Pratik çalışmalara başlayan Abdullah Öcalan, 1973 ile 1978 yılları arasında Kurdistan ve Türkiye kentlerine ziyaretler gerçekleştirmeye başlar. Abdullah Öcalan ile Ankara Üniversitesi Siyasal Bilgiler Fakültesi öğrencisi olduğu yıllarda tanışan Abdurrahman Ayhan, PKK Liderinin 1977 yılında Agirî’ye yaptığı ziyarete de eşlik eder. Ayhan, küresel güçlerin ortaklığında geliştirilen uluslararası komplonun 26’ncı yılında Abdullah Öcalan ile anılarını anlattı, komplo ve İmralı tecridine ilişkin değerlendirmelerde bulundu.

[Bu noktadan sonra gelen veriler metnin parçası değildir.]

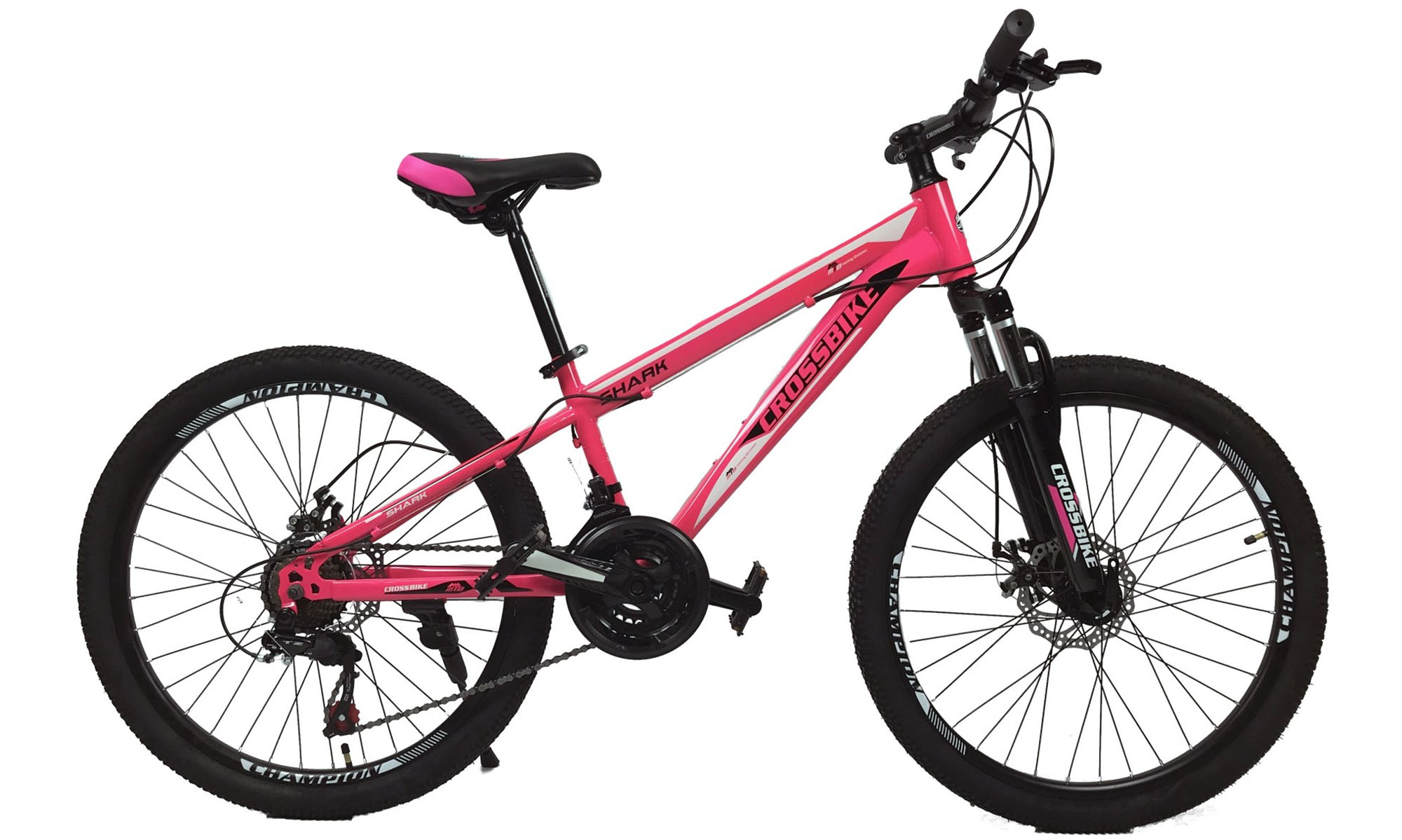 Велосипед CrossBike Shark 24", размер XXS, рама 11", 2021, Розовый-Черный-Белый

ABDULLAH ÖCALAN İLE TANIŞMA
Aynı üniversitede ve bölümde olduğu Abdullah Öcalan ile 1974 yılında Ankara’da bir evde tanıştığını söyleyen Ayhan, zaman zaman üniversite kampüsünde sohbet ettiklerini sözlerine ekledi. Abdullah Öcalan’ın dünyadaki gelişmeleri çok iyi okuduğunu dile getiren Ayhan, “Bazen üniversite bahçesinde bize yaptığı konuşmalarda, ufkumuzu açıyordu. Öcalan çok farklı bir kişiliğe sahipti. O dönem birçok devrimci hareket vardı ama Öcalan'ın konuşması, bakış açısı, değerlendirmeleri ve ilişkilenme tarzı, insanları kendine hayran bırakıyordu. Mesele benim üzerimde müthiş derece etki bıraktığını o zaman bile fark ettim. Öcalan sürekli Kürt varlığının, Kurdistan’ın sömürgede olduğunun farkında olmamız ve araştırmamız konusunda bizi tembihlerdi” diye anlattı.
BUGÜNLERE TAŞINAN MÜCADELE
Abdullah Öcalan’ın hakikat mücadelesini bugünlere taşıdığını vurgulayan Ayhan, “Öcalan, ‘Kurdistan yoktur ve meftundur’ diyen zihniyete karşı yeniden Kürt halkını ayağa kaldırdı ve halen bunun mücadelesini veriyor. Öcalan’ın mücadelesiyle Kürtler kahramanlaştı ve sesini dünyaya duyurdu” dedi. Abdullah Öcalan’ın sık sık imha ve inkara tabi tutulan Kürtlerin kimlik mücadelesini esas alması gerektiği vurgusunda bulunduğunu aktaran Ayhan, PKK Liderinin düşünceleriyle çok farklı bir kişilik olduğunu ve insanları da sürekli düşünmeye sevk ettiğini dile getirdi.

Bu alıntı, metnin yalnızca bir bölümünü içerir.